Secrets from the Treasury’s Survey: It looks like China bought a lot of equities just before the stock market tumbled
Late on Friday, the US Treasury released the preliminary results of its annual survey of foreign portfolio investment in the US. That always makes for an interesting weekend.
The survey offers the best picture of the impact large central banks and sovereign funds have had on global financial markets. It just comes out with a long lag. And as I will argue later, it is, for all its virtues, it still paints an incomplete picture of the activities of official investors.
But it still reveals a few secrets, not the least about China.

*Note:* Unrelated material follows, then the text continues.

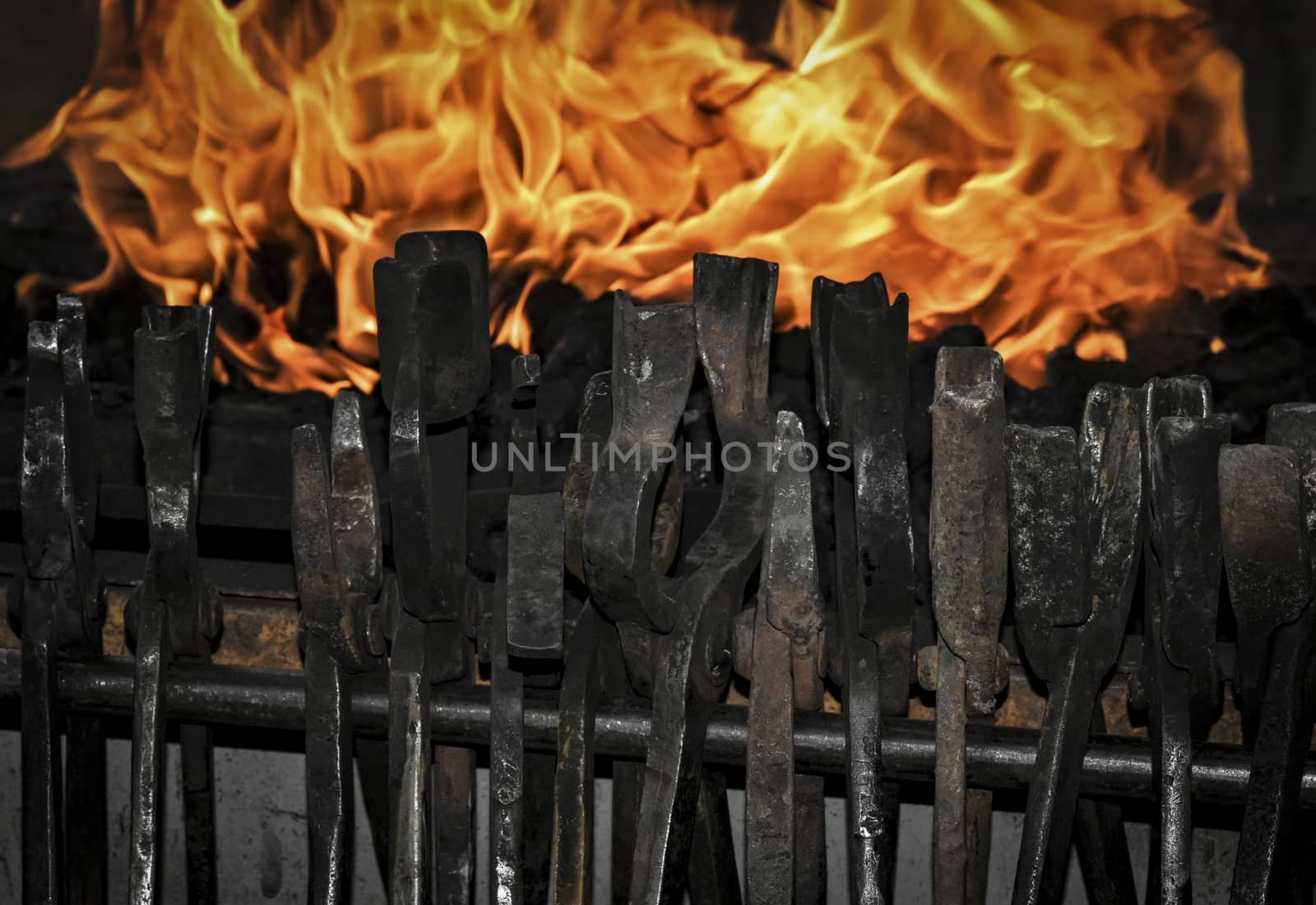 smith tongs in the background of forging fire of an outbreak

It turns out that China bought significantly fewer Treasuries from the middle of 2007 to the middle of 2008 than I had projected – and a lot more equities. China also was – as expected – a very large buyer of Agencies (particularly mortgage backed securities with an Agency guarantee, often called “Agency pass-throughs”) from mid-2007 to mid-2008.
China consequently entered the “Lehman” crisis with a somewhat riskier portfolio than I thought. The bulk of China’s portfolio, to be sure, was in Treasuries, Agencies and comparable European bonds. But it now looks like well over 10% of SAFE’s portfolio was invested in “risk” assets of various kinds — equities and corporate bonds.
That likely explains why China reversed course and fled to safety this fall. China got burned. SAFE (not-so-SAFE?) especially.
The survey data indicates that China had $521.91 billion of long-term Treasuries at the end of June 2008 (up $53.4 billion from June 2007) and $527.05 billion of long-term Agencies at the end of June 2008 (up $150.73 b from June 2007). China consequently entered into the crisis with more exposure to the Agencies than to the Treasury.